→ Work task:
Write out exactly, and only, the lines below from the line with "Ray-Ban Aviator Sunglasses Gold - photo 2" through the line with "This is the"; pictures do not belong in the copy.

→ Material shown:
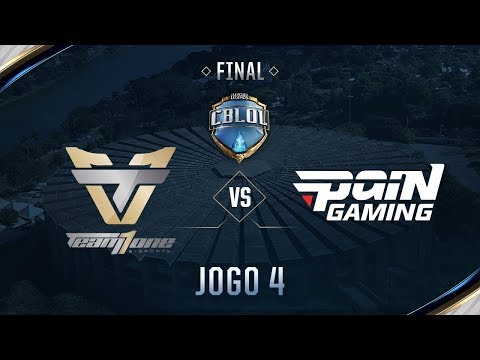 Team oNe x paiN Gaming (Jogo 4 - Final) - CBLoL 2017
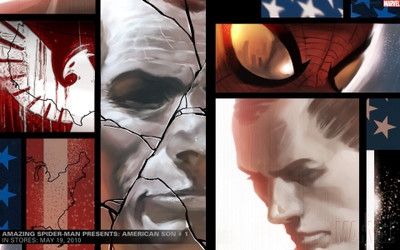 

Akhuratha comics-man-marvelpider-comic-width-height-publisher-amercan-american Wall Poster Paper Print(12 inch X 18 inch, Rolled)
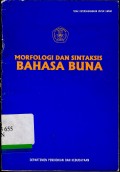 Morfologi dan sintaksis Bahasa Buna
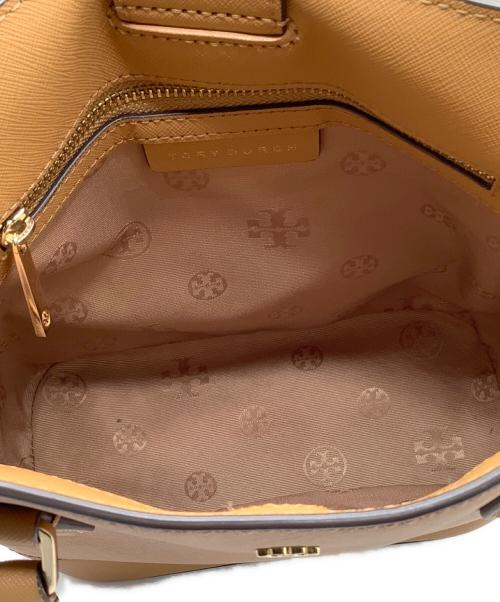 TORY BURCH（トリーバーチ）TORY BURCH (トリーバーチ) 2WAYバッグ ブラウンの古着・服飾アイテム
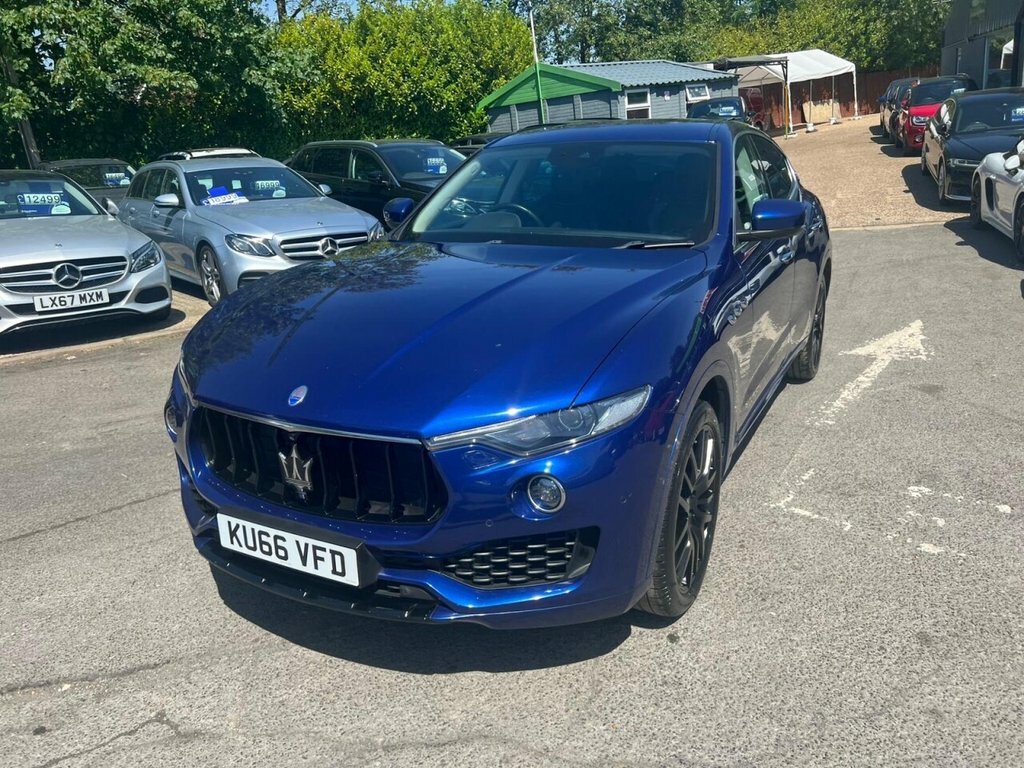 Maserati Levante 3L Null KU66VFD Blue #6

* * *

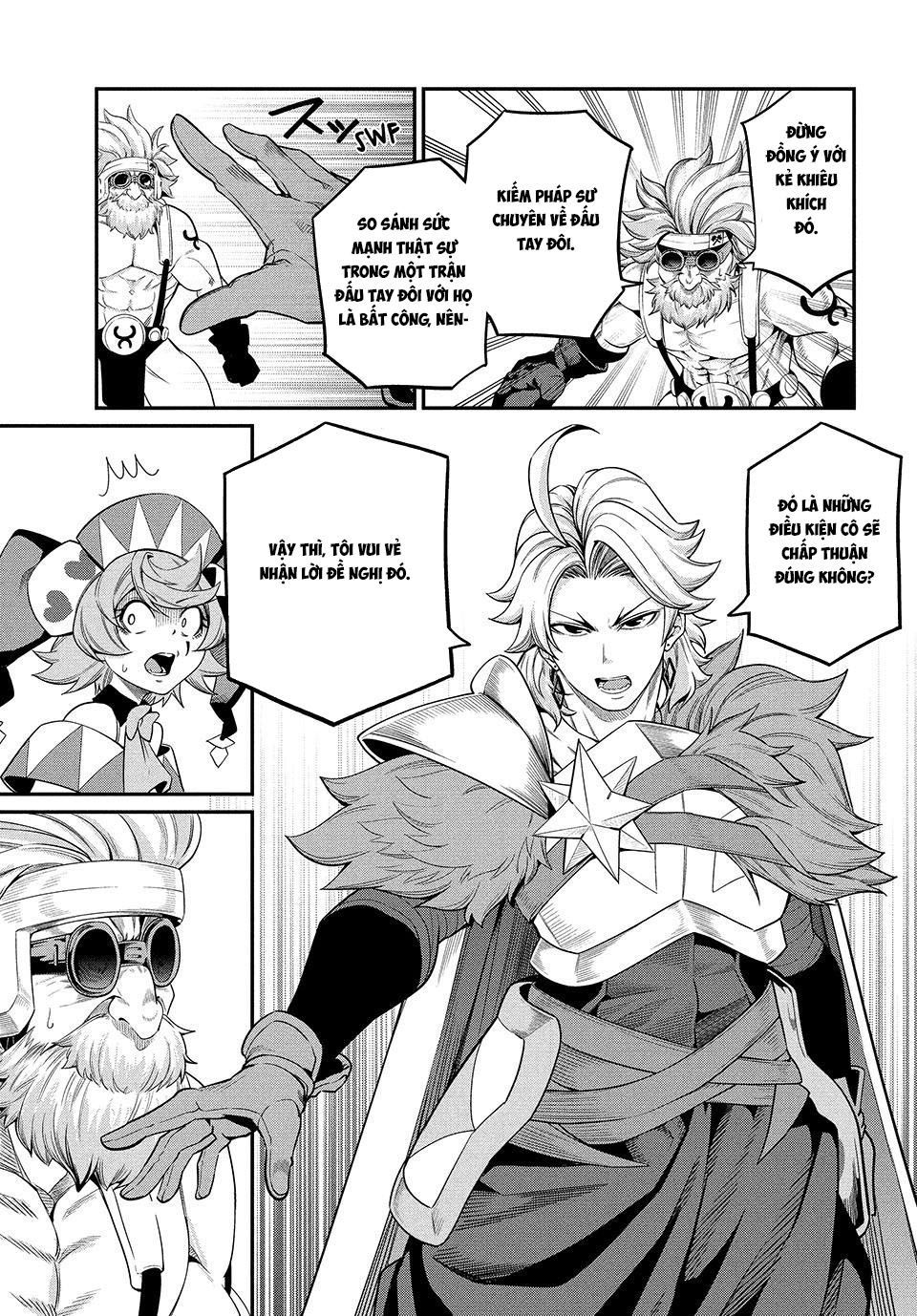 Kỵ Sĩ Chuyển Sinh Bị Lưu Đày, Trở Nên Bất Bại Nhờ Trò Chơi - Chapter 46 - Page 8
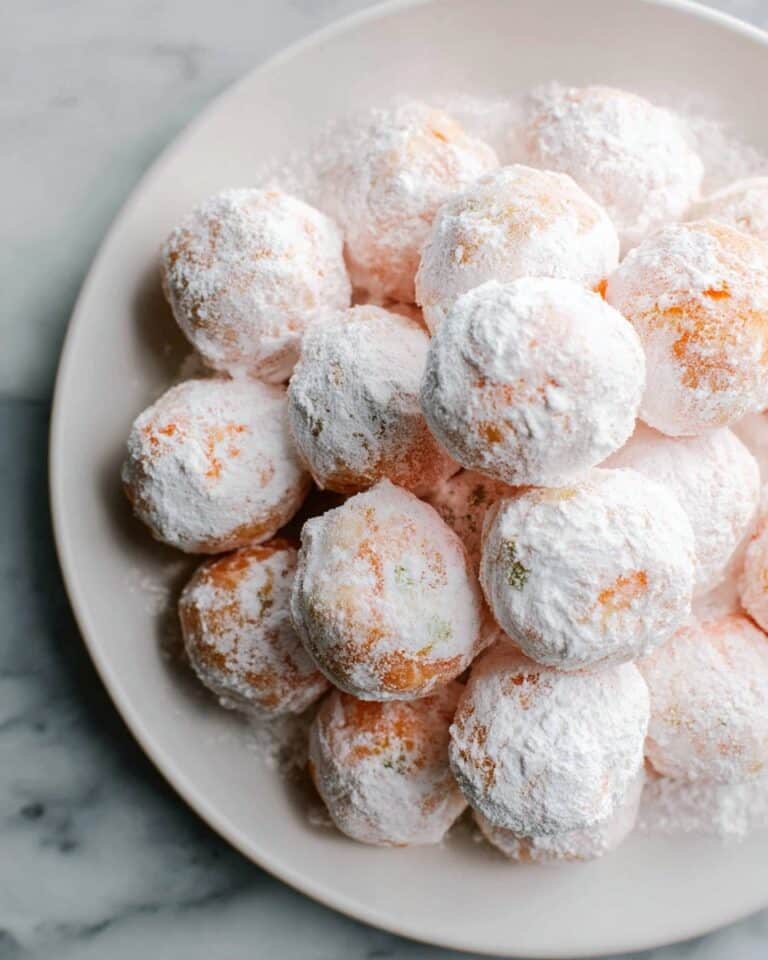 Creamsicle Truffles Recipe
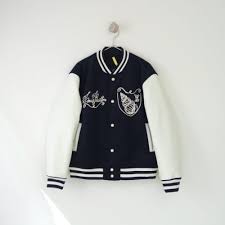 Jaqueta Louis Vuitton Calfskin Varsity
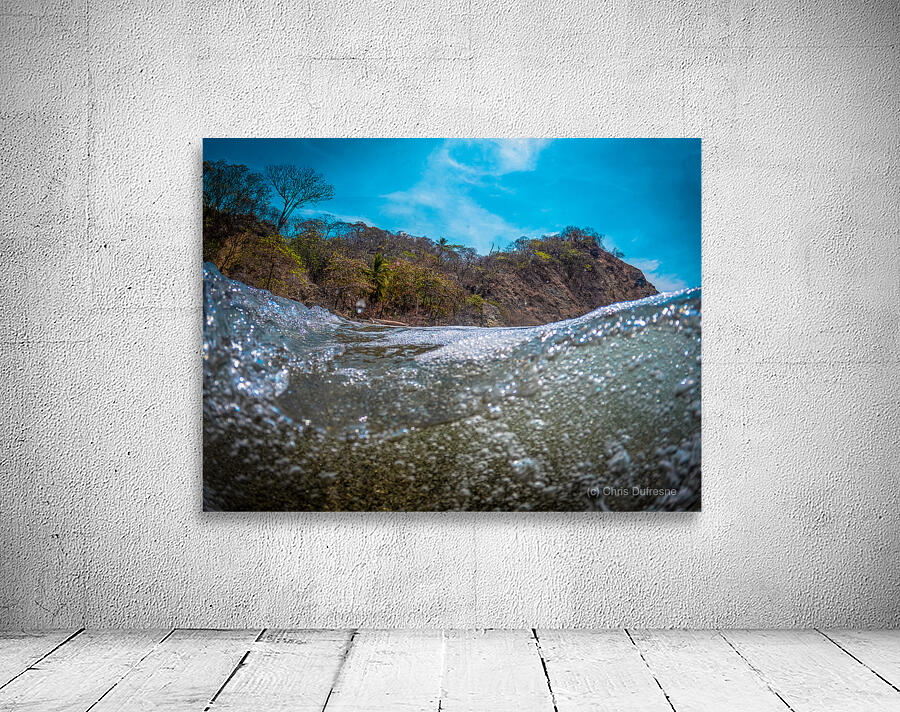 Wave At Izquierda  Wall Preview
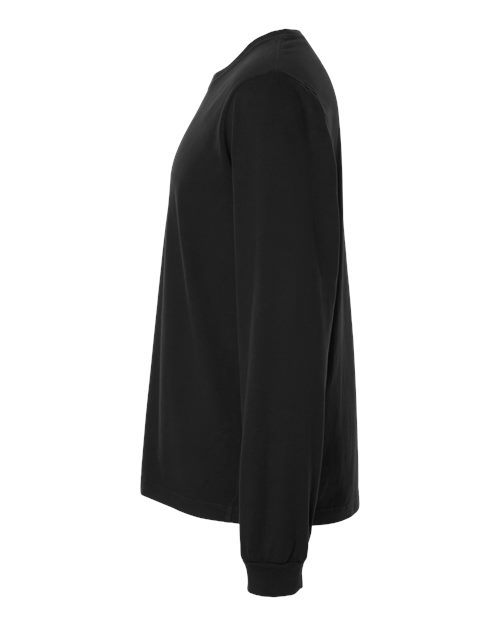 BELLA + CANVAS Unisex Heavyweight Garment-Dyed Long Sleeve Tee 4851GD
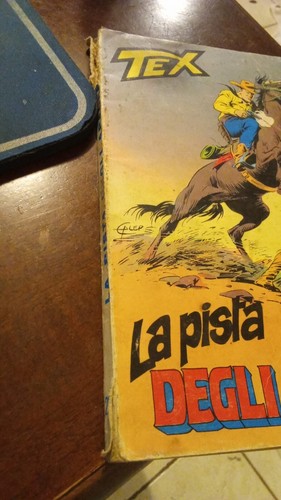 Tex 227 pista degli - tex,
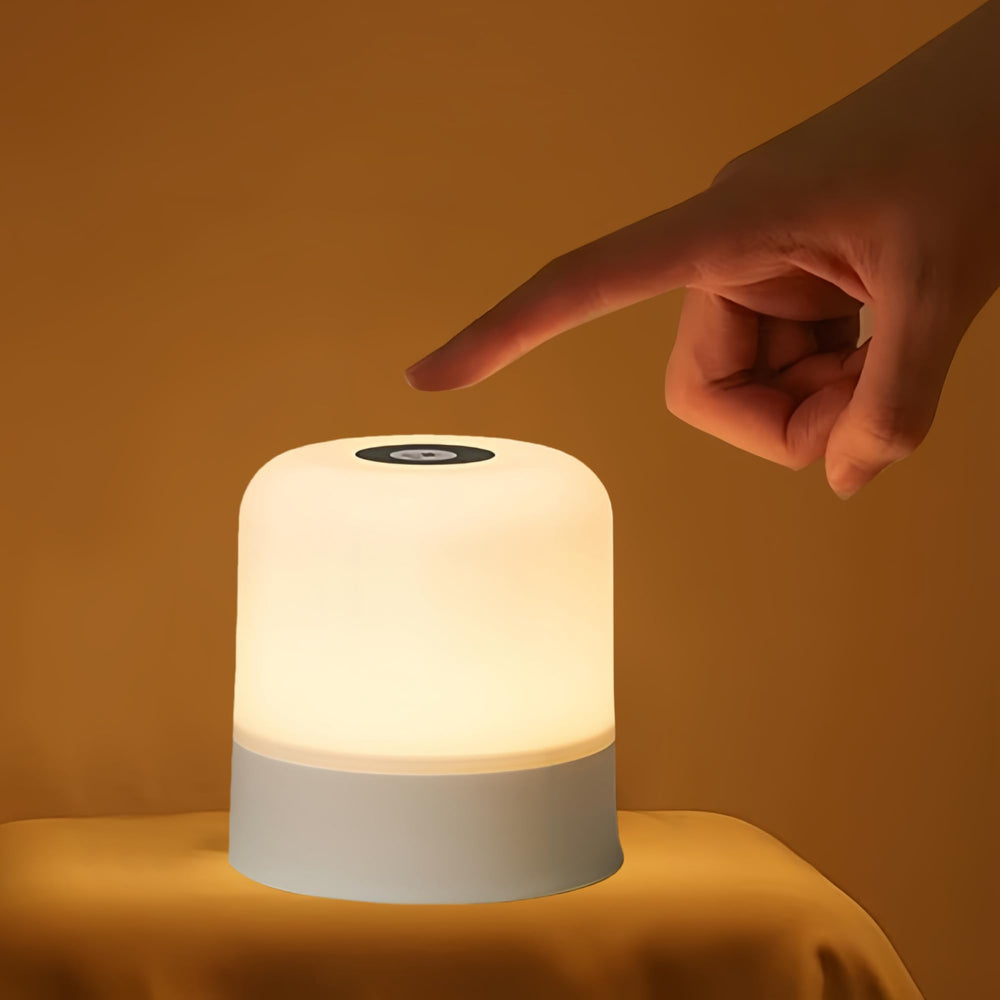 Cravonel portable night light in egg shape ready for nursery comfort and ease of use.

* * *

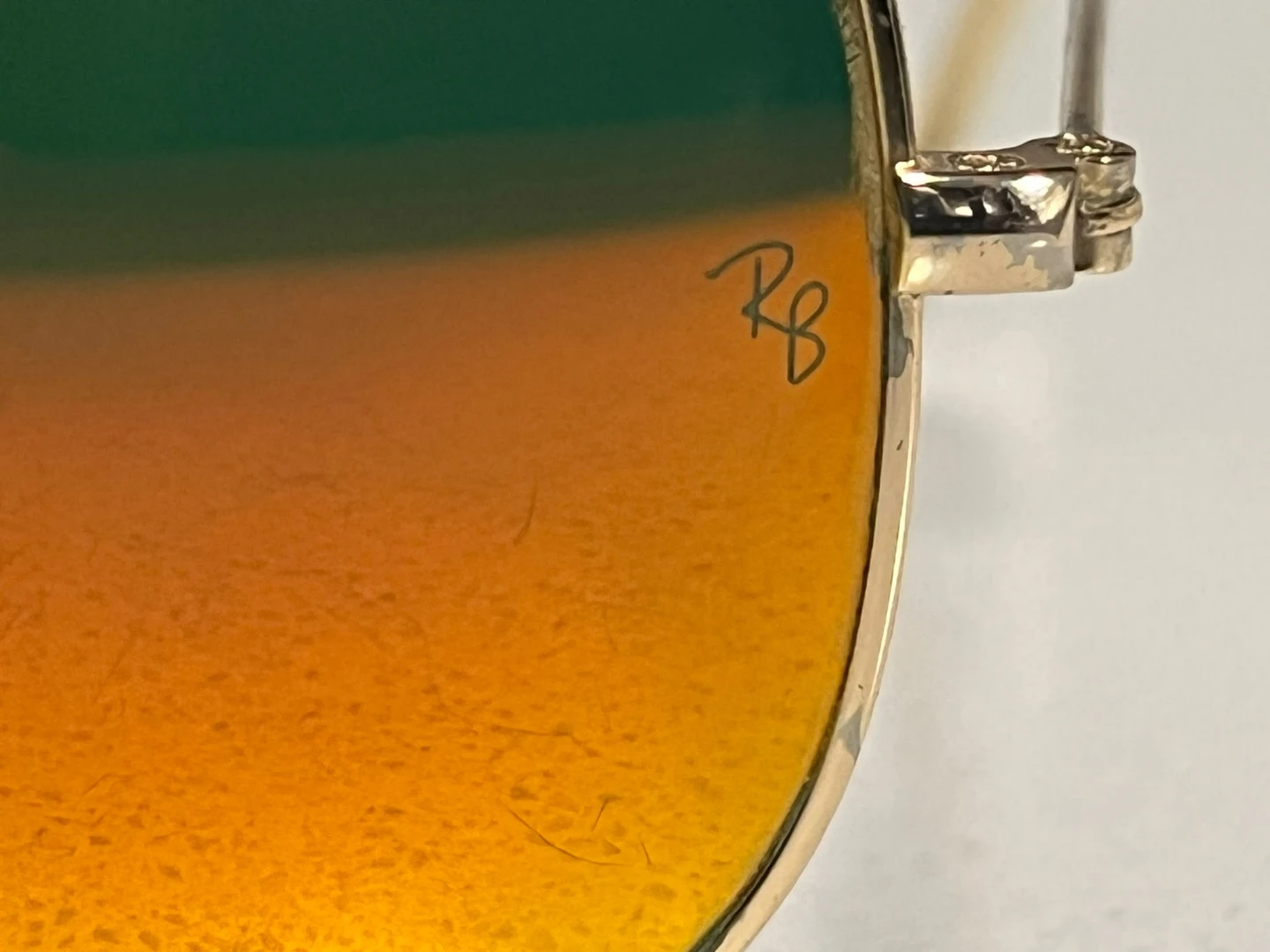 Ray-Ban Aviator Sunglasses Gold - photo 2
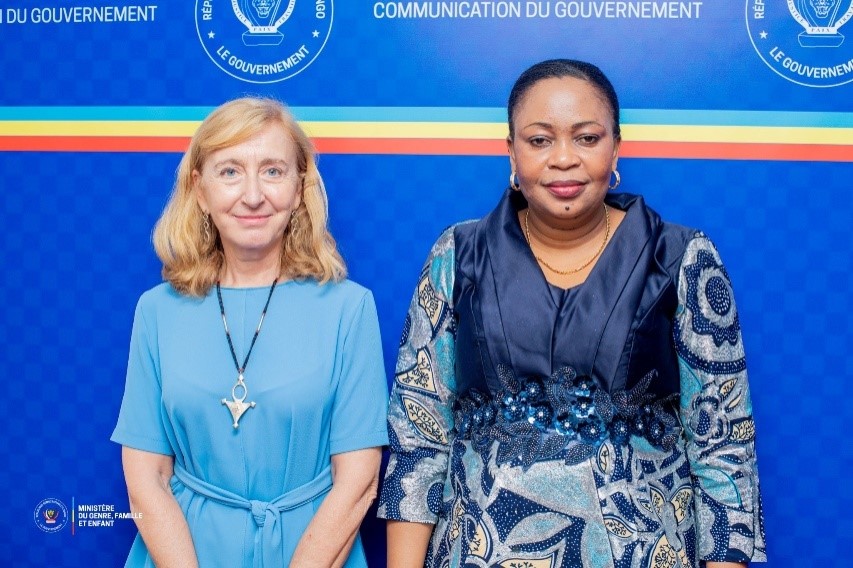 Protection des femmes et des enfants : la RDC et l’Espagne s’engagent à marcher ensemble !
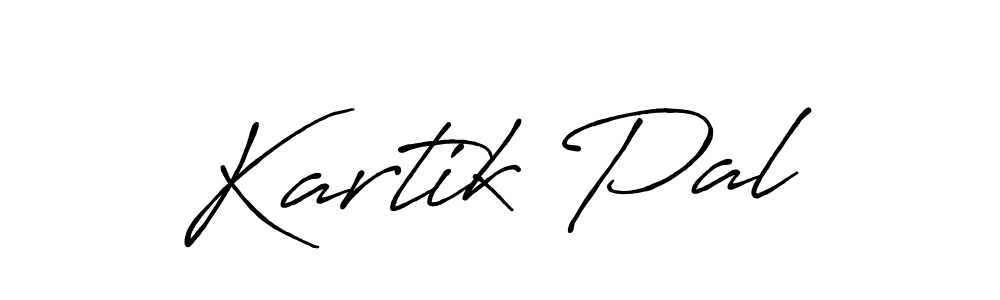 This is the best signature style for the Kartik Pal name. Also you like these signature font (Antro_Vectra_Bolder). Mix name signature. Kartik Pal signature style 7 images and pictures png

→ Answer to the exercise:
 Ray-Ban Aviator Sunglasses Gold - photo 2
 Protection des femmes et des enfants : la RDC et l’Espagne s’engagent à marcher ensemble !
 This is the best signature style for the Kartik Pal name. Also you like these signature font (Antro_Vectra_Bolder). Mix name signature. Kartik Pal signature style 7 images and pictures png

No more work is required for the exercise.